Guardare l’opera di Fontcuberta, diventa così un modo piacevole per capire i meccanismi della comunicazione; e si rivela anche, proprio com’è nelle intenzioni dell‘artista, un modo per accogliere nella nostra coscienza l’anticorpo del dubbio. Quell’anticorpo della “visione critica”, che non dovrebbe essere riservato solo agli addetti ai lavori, ma dovrebbe essere patrimonio culturale comune soprattutto in un periodo storico come questo in cui fiorisce una certa “informazione selettiva”.
La fotografia è corretto definirla creazione.
Infatti il creare l’immagine presume un apporto dell’autore, sia che l’autore non ne sia cosciente sia ancor più se invece conosce il mezzo, e lo sa bene usare.
La semplice prerogativa di potere (e dovere) scegliere l’immagine da ritrarre, è gia censura e critica della realtà.
Il tipo di inquadratura, l’illuminazione, gia scoperte dai grandi pittori del passato, sono mezzi per conferire drammaticità e pressione emotiva ovvero chetazione e placamento delle sensazioni.
Ma lo stesso soggetto della fotografia è centrale.
E impossibile pensare ad una cronaca fotografica senza un “canovaccio” preparato a tavolino, o esistente, prima ancora che l’evento si verifichi.
Esiste già, creato nell’immaginario collettivo, l’opportuno substrato nel quale la notizia data dall’immagine ha gia la sua collocazione pronta.
Il principio di economia, ben noto in psicologia, governa, con la facilità delle aggiunte di mattoni ad una costruzione organica virtuale costituita che si consolida e cresce.
Sarà poi il caso, se opportuno, di demolire quanto costruito o addirittura di costruire – in antagonismo – un’altra struttura, sempre per economia, per quelli che cominciano a non riconoscersi più nel messaggio, o quando la costruzione semplicemente non regge.
Non è che la seconda sia più veritiera della prima.
Il creatore di immagini, se ha tale strumentalizzazione dell’arte, ed anche in malafede, non ha neppure il dovere di dare spiegazione.
Si può sempre invocare il fatto che formalmente la fotografia è visione a tutto tondo, quindi non unilaterale.
Che sia obiettiva è un altro discorso.
La facile riprova è il rincorrersi delle immagini giornalistiche che agganciano il carro delle vecchie edizioni proprie (ed altrui) per reggere la nuova immagine che è sostenibile solo sul castello gia costruito.

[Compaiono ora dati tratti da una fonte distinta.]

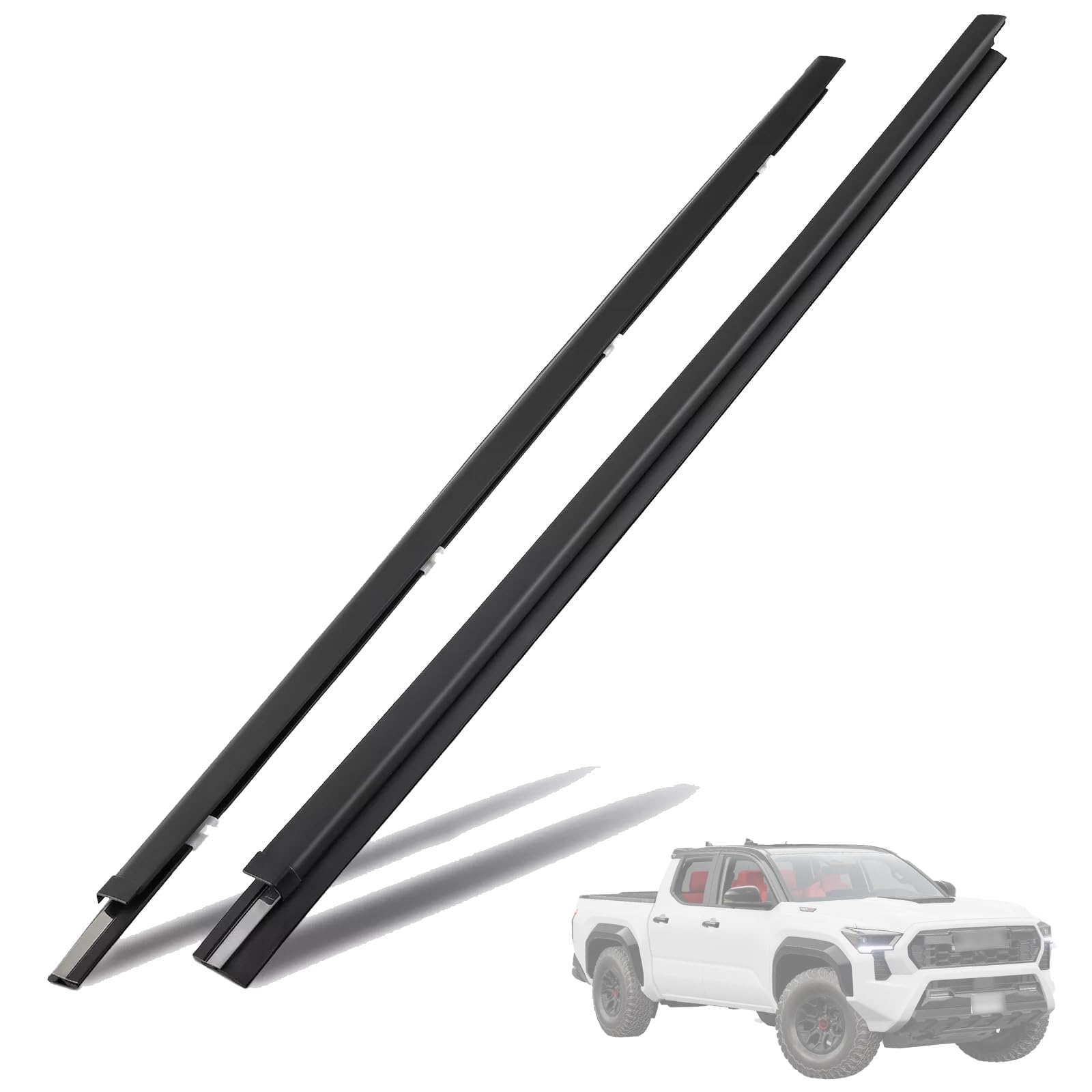 Photo 1 of 2PCS Front Door Weatherstrip Window Moulding Trim Seal Belt Kit, Automotive Weather Stripping, Waterproof & Easy to Install, Replace OEM 68210-04020, Compatible with 1995-2004 Toyota Tacoma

E’ anzi il rincorrersi ad essere più realista del re che crea la preparazione “di quello che servirebbe”.
E se si vuol trovare finisce che lo si trova, e se proprio non lo si trova… lo si crea.
C’è poi il commento che oculatamente orienta, dato che l’immagine potrebbe essere non ben “leggibile”; così la vittima può divenire il carnefice e viceversa.